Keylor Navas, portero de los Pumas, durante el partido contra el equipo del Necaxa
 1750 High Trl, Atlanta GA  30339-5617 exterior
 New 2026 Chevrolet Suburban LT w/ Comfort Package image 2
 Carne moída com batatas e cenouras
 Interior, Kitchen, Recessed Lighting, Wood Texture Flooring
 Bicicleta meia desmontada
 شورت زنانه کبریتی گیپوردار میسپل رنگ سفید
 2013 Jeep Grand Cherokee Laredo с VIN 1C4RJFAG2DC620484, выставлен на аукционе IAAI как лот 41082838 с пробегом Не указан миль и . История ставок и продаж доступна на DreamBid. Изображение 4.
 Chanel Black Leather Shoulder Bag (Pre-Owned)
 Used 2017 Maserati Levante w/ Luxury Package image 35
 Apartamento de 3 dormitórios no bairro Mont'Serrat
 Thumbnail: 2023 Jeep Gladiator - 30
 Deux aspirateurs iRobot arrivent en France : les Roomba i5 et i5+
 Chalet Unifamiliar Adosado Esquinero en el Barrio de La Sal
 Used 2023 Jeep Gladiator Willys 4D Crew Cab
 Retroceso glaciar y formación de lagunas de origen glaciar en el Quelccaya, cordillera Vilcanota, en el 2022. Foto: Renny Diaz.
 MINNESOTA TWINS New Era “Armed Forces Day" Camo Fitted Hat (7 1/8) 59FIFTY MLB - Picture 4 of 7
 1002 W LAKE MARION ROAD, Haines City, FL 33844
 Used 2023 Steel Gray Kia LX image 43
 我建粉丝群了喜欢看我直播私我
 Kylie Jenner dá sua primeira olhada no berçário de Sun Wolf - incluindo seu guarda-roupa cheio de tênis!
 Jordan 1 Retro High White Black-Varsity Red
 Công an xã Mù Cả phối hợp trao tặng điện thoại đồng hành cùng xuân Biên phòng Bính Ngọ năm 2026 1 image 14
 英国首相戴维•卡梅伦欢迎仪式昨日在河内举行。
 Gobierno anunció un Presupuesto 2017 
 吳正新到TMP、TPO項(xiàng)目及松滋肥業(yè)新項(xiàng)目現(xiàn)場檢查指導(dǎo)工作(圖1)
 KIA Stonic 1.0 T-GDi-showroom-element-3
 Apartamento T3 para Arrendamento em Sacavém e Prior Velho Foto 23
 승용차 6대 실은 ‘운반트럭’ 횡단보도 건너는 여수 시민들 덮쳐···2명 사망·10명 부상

* * *

§ Task prompt:
Search the listing for the word "Apartamento", and copy every line in which it is found.

§ Reply to the exercise:
 Apartamento de 3 dormitórios no bairro Mont'Serrat
 Apartamento T3 para Arrendamento em Sacavém e Prior Velho Foto 23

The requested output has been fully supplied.